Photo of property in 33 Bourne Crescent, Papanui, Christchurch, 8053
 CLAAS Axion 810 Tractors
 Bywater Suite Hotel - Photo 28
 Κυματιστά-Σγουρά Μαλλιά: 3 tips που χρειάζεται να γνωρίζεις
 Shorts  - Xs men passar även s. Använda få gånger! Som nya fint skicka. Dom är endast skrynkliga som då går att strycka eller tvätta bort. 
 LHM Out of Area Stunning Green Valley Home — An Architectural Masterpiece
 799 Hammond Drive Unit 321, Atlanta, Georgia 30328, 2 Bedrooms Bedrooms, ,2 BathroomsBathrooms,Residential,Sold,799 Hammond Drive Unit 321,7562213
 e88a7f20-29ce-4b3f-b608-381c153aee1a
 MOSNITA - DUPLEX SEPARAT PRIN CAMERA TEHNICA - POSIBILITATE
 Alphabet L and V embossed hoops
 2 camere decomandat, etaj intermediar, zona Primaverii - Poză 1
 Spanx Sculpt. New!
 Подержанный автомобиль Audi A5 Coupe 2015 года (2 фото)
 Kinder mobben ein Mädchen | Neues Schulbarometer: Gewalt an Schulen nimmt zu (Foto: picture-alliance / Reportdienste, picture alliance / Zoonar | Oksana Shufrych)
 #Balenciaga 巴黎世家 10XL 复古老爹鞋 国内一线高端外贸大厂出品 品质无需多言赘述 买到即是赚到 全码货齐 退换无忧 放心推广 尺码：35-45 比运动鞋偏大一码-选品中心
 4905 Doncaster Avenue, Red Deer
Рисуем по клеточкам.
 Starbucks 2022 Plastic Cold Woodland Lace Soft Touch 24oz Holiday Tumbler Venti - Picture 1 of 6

What you have to do -> From the line that has "eller tvätta bort." through the line that has "#Balenciaga 巴黎世家 10XL", copy every line exactly as it appears above, and leave out all others.

Solution to this problem ->
 Shorts  - Xs men passar även s. Använda få gånger! Som nya fint skicka. Dom är endast skrynkliga som då går att strycka eller tvätta bort. 
 LHM Out of Area Stunning Green Valley Home — An Architectural Masterpiece
 799 Hammond Drive Unit 321, Atlanta, Georgia 30328, 2 Bedrooms Bedrooms, ,2 BathroomsBathrooms,Residential,Sold,799 Hammond Drive Unit 321,7562213
 e88a7f20-29ce-4b3f-b608-381c153aee1a
 MOSNITA - DUPLEX SEPARAT PRIN CAMERA TEHNICA - POSIBILITATE
 Alphabet L and V embossed hoops
 2 camere decomandat, etaj intermediar, zona Primaverii - Poză 1
 Spanx Sculpt. New!
 Подержанный автомобиль Audi A5 Coupe 2015 года (2 фото)
 Kinder mobben ein Mädchen | Neues Schulbarometer: Gewalt an Schulen nimmt zu (Foto: picture-alliance / Reportdienste, picture alliance / Zoonar | Oksana Shufrych)
 #Balenciaga 巴黎世家 10XL 复古老爹鞋 国内一线高端外贸大厂出品 品质无需多言赘述 买到即是赚到 全码货齐 退换无忧 放心推广 尺码：35-45 比运动鞋偏大一码-选品中心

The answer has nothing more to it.